A fast solution for large vectors of binary strings. The function flcs
below is able to perform the desired operation on 10k binary character strings in about 13 seconds.
The idea is to sequentially check the k
th character of each string and put each string into a 0
bin or a 1
bin. The longest common substring between i
and j
terminates at or before k
if i
and j
are in different bins.
flcs
returns the endpoint of the pairwise common substring, which can be used to fill the bottom triangle of the desired matrix.
library(data.table)
flcs <- function(x) {
y <- lapply(x, \(x) utf8ToInt(x) == 49L)
nx <- length(x)
nx1 <- nx - 1L
lens <- lengths(y)
dt <- data.table(
v = unlist(y),
i = sequence(lens),
j1 = rep.int(1:nx, lens)
)[,j2 := (j1 - 1L)*nx]
# `n` is a vector containing the earliest mismatch between pairs
n <- pmin(lens[rep.int(1:nx1, nx1:1)], lens[sequence(nx1:1, 2:nx)])
b <- logical(length(n))
# create a vector `idx` to map to the indices of `n`
idx <- integer(nx^2)
idx[sequence(nx1:1, seq(2, nx^2, nx + 1))] <-
idx[sequence(nx1:1, seq(nx + 1, nx^2, nx + 1), nx)] <- 1:length(n)
for (k in 1:-sort.int(-lens, 2)[2]) {
nstop <- idx[dt[i == k, outer(j2[v], j1[!v], "+")]]
nstop <- nstop[!b[nstop]]
b[nstop] <- TRUE
n[nstop] <- k - 1L
if (all(b)) break
}
n
}
Demonstrating:
x <- c("0100100010101010", "0100110010101010","0111001000","010111")
flcs(x)
#> [1] 5 2 3 2 3 2
A function to build the final matrix from the output of flcs
:
buildmat <- function(x, n, symmetric = FALSE) {
nx <- length(x)
nx1 <- nx - 1L
z <- matrix("", nx, nx)
if (symmetric) {
z[sequence(nx1:1, seq(2, nx^2, nx + 1))] <-
z[sequence(nx1:1, seq(nx + 1, nx^2, nx + 1), nx)] <-
substr(x[rep.int(1:nx1, nx1:1)], 1, n)
} else {
z[sequence(nx1:1, seq(2, nx^2, nx + 1))] <-
substr(x[rep.int(1:nx1, nx1:1)], 1, n)
}
z
}
buildmat(x, flcs(x), TRUE)
#> [,1] [,2] [,3] [,4]
#> [1,] "" "01001" "01" "010"
#> [2,] "01001" "" "01" "010"
#> [3,] "01" "01" "" "01"
#> [4,] "010" "010" "01" ""
Compare to a solution that compares each string to each other string in parallel.
library(parallel)
f <- function(x) {
n <- min(length(x[[1]]), length(x[[2]]))
out <- which.max(x[[1]][1:n] != x[[2]][1:n])
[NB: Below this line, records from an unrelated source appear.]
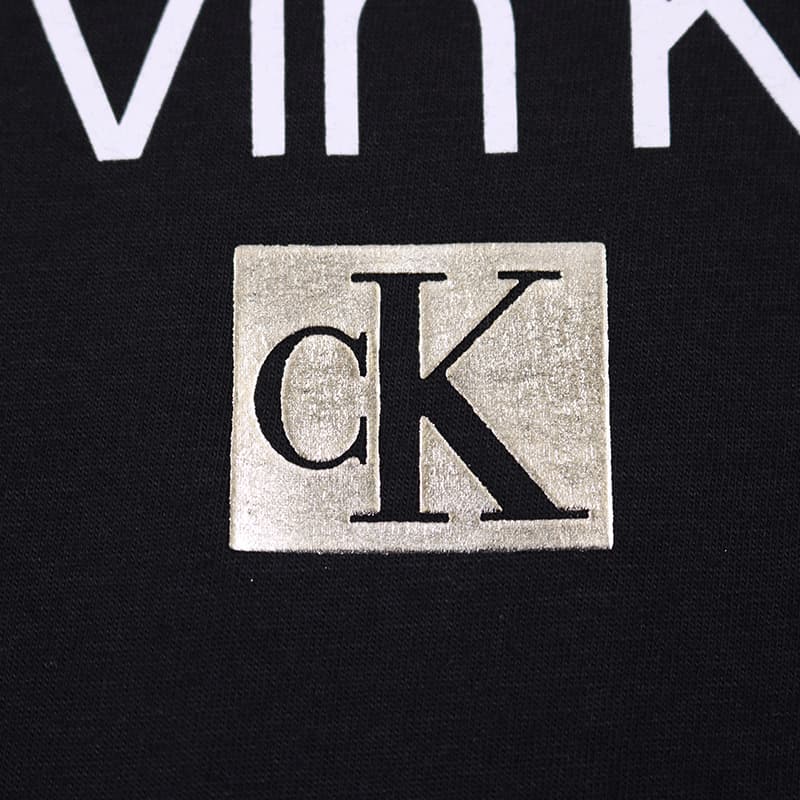 Футболка CALVIN KLEIN Рубашка с круглым вырезом мужская - изображение 6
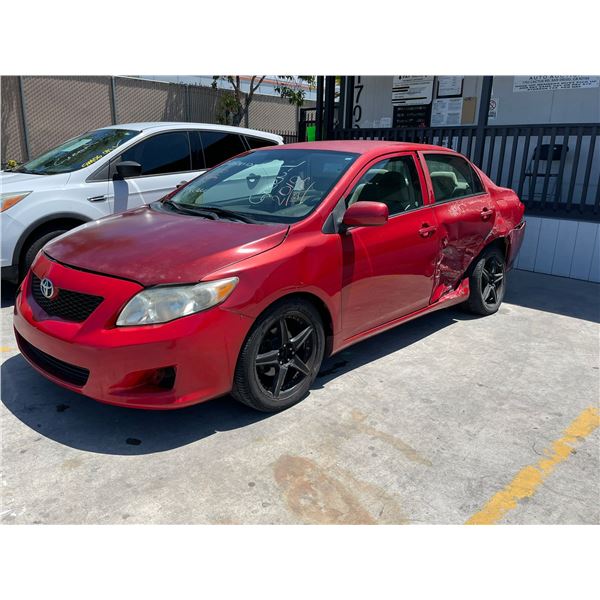 TOYT COROLLA 2010 SALV T/DONATION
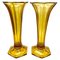 Art Deco Americain Vases by Charles Graffart for Val Saint Lambert, 1935, Set of 2, Image 1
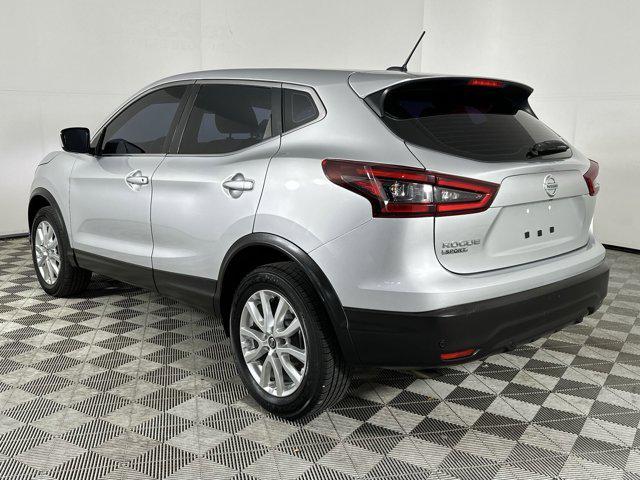 used 2021 Nissan Rogue Sport car, priced at $12,998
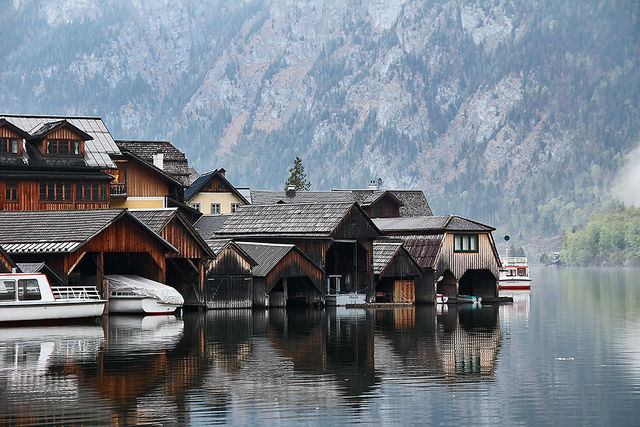 ็Hallstatt Austria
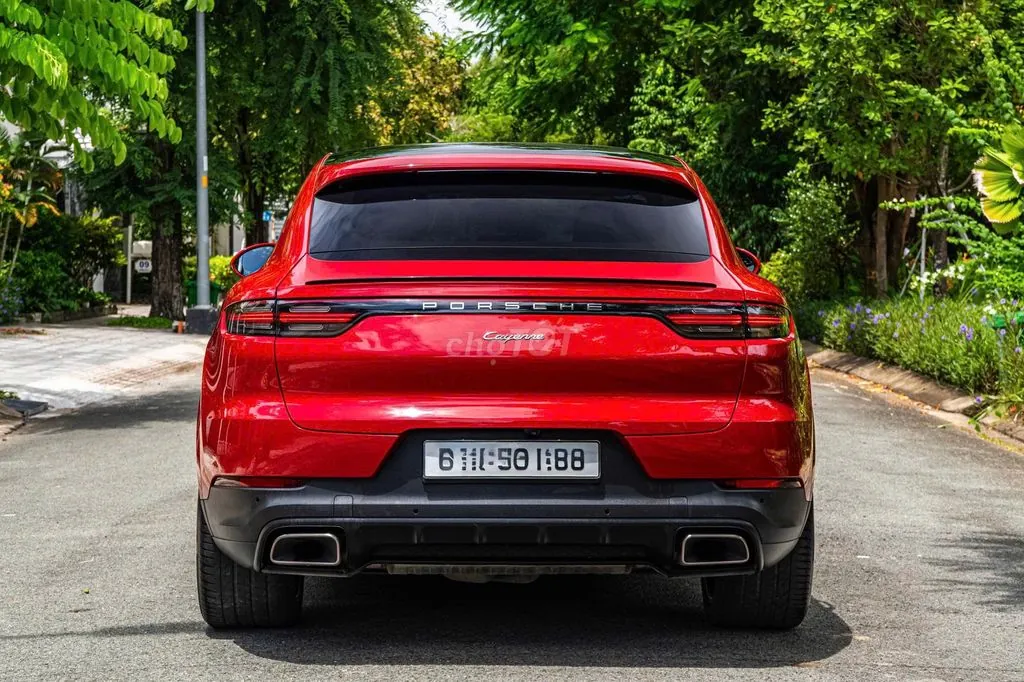 Porsche Cayenne 2022 photo 2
if (out == 1L && x[[1]][1] == x[[2]][1]) n + 1L else out
}
cl <- makeCluster(detectCores() - 1) # 15 cores
clusterExport(cl, c("f"), environment(f))
flcsPar <- function(x) {
unlist(parLapply(cl, combn(lapply(x, utf8ToInt), 2, NULL, FALSE), f)) - 1L
}
buildmat(x, flcsPar(x), TRUE)
#> [,1] [,2] [,3] [,4]
#> [1,] "" "01001" "01" "010"
#> [2,] "01001" "" "01" "010"
#> [3,] "01" "01" "" "01"
#> [4,] "010" "010" "01" ""
Time the two functions on a vector of 10k binary strings.
x <- vapply(1:1e4, \(.) intToUtf8(sample(48:49, sample(10:20, 1), 1)), "")
system.time(n1 <- flcs(x))
#> user system elapsed
#> 9.84 3.41 13.26
system.time(n2 <- flcsPar(x))
#> user system elapsed
#> 69.31 54.53 242.07
identical(n1, n2)
#> [1] TRUE
flcs
performed nearly 50 million comparisons in about 13 seconds.